Estava dentro do ônibus quando entrou alguém. Era grande, vestindo minissaia e blusa top. Pernas bonitas e depiladas, barriga lisa, corpo violão. Era, porém, grande demais, sua constituição forte demais. A primeira impressão que ela dava era que te arrebentaria numa porrada. Antes mesmo de ver seu rosto percebi que era um travesti. Ao vê-lo a suspeita se confirmou, sua face era quadrada demais, e o pior, era alguém naturalmente barbado, que por mais que se esforçasse, não conseguiria disfarçar a pele áspera.
É triste. É difícil. Provavelmente ele tem um ideal feminino para si mesmo e tentou realizá-lo. É complicado, pois não devemos simplesmente abolir o ideal.

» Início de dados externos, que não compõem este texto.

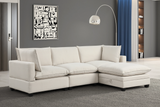 Cloud24 Modular Sectional (Performance Fabric)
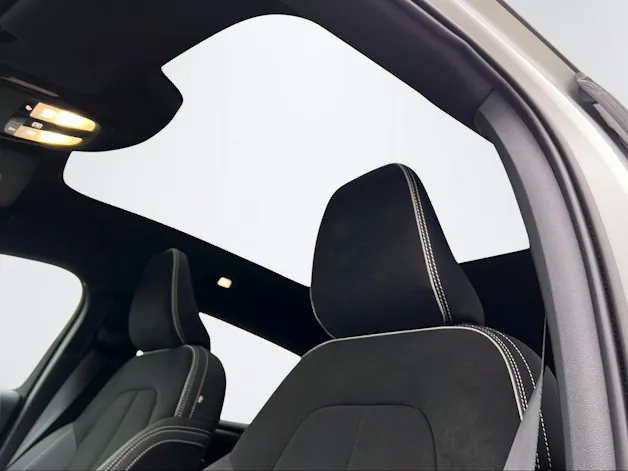 Volvo C40 P8 Twin Recharge Ultimate AWD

O ideal é a vantagem e o problema do ser humano. Graças ao Ideal construímos a liberdade, a misericórdia para os fracos, a tolerância com o diferente, o sentimento religioso, a civilização, o comportamento ético, a arte e o sexo tântrico. No entanto, graças ao ideal também, criamos o nazismo, o comunismo, o suicídio e os travestis.
Tive vontade de ir lá falar com ele. O que dizer a um travesti? “Parabéns, cara. Você tentou o melhor que pode. Está realmente fantástico. Mas você não conseguiu. Na verdade, está longe de conseguir. Olhe esta menina, por exemplo. Não é bela e nem se esforça, e no entanto, ela conseguiu. Conseguiu porque é, está na natureza dela conseguir. Não está na sua.”
No entanto, é tão difícil. Do lado de fora é fácil. Apontamos para eles e dizemos: “vocês não conseguiram. Se conformem. Tentem outra coisa. Este ideal não é para vocês. Sejam o que vocês são, busque um ideal que está a sua altura”. Do lado de dentro, porém...tão difícil saber qual ideal está a sua altura, qual excelência pode te pertencer.